====== RECORDS SHOWN ======

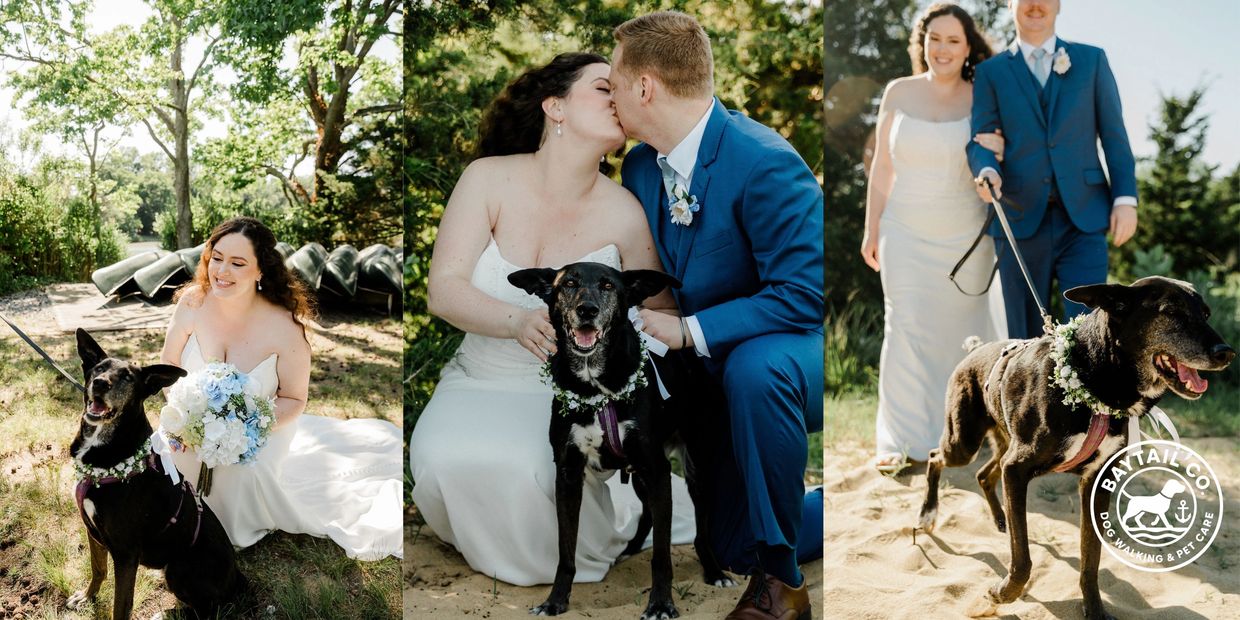Wedding couple with their dog outdoors, sharing joyful moments and a kiss.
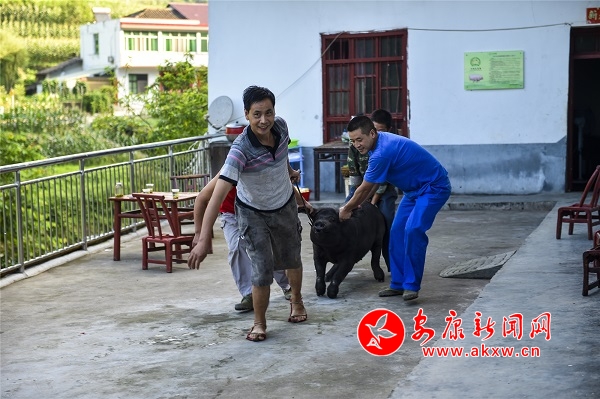 2019.7.28�p���Ҝ��������C(j��) 006-1.jpg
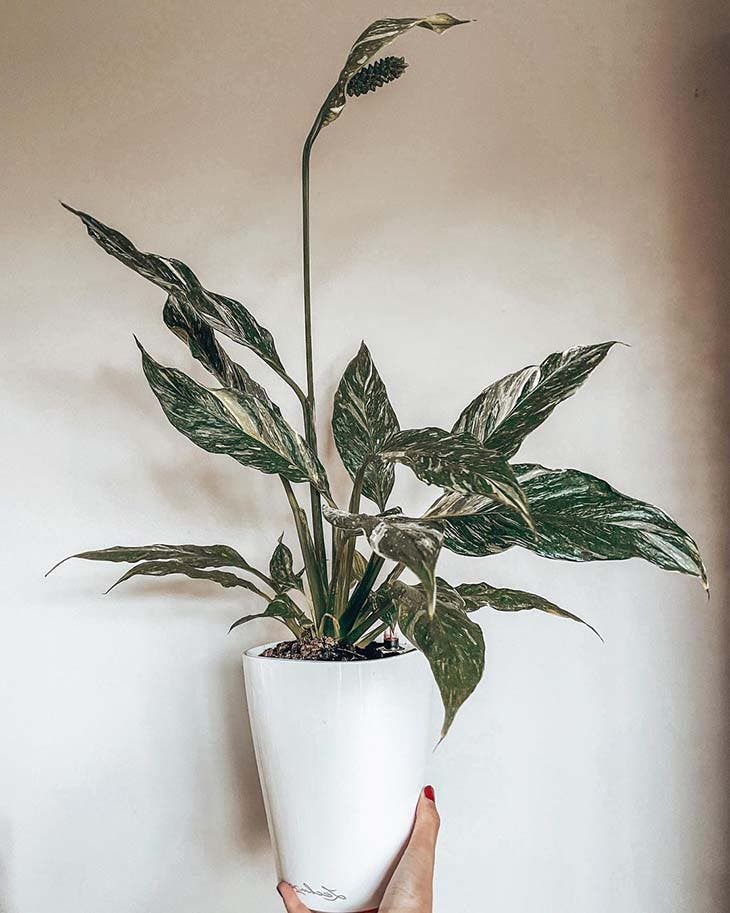 Die Top 10 der schönsten Zimmerpflanzen, die ohne Sonnenlicht wachsen 2 Spathiphyllum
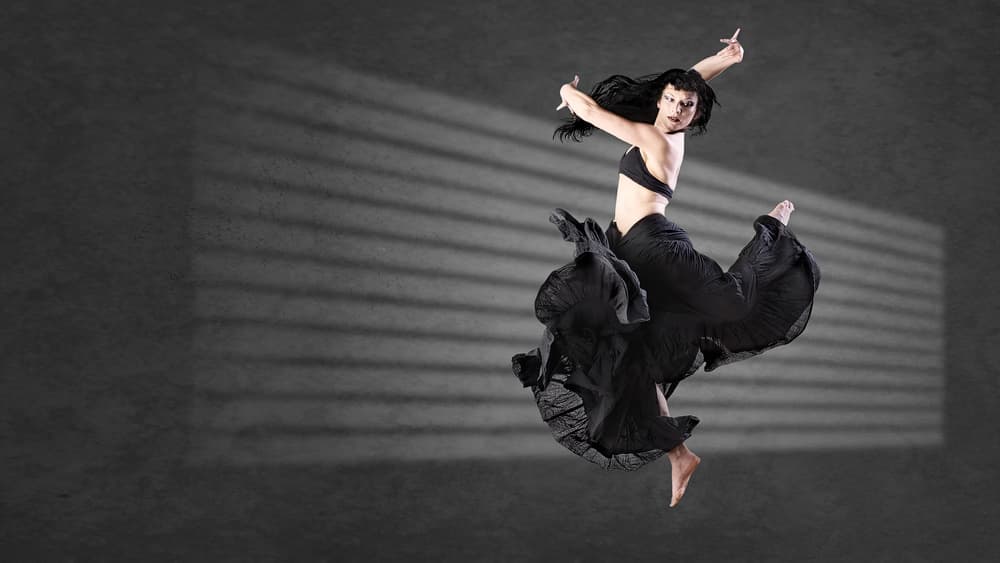 Shadow Dance Movement by Jovelino — canvas wall art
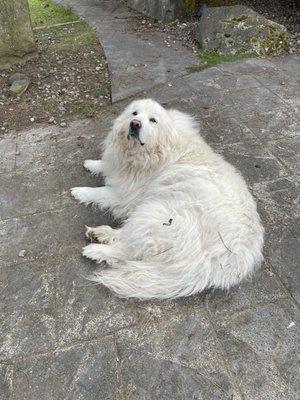 Snowflake the Great Pyrenees friendly guardian of the alpacas.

======

▶ **WORK TO COMPLETE**
Retype each line above precisely, please. Skip anything that is a picture.

▶ **TASK OUTPUT**
Wedding couple with their dog outdoors, sharing joyful moments and a kiss.
 2019.7.28�p���Ҝ��������C(j��) 006-1.jpg
 Die Top 10 der schönsten Zimmerpflanzen, die ohne Sonnenlicht wachsen 2 Spathiphyllum
 Shadow Dance Movement by Jovelino — canvas wall art
 Snowflake the Great Pyrenees friendly guardian of the alpacas.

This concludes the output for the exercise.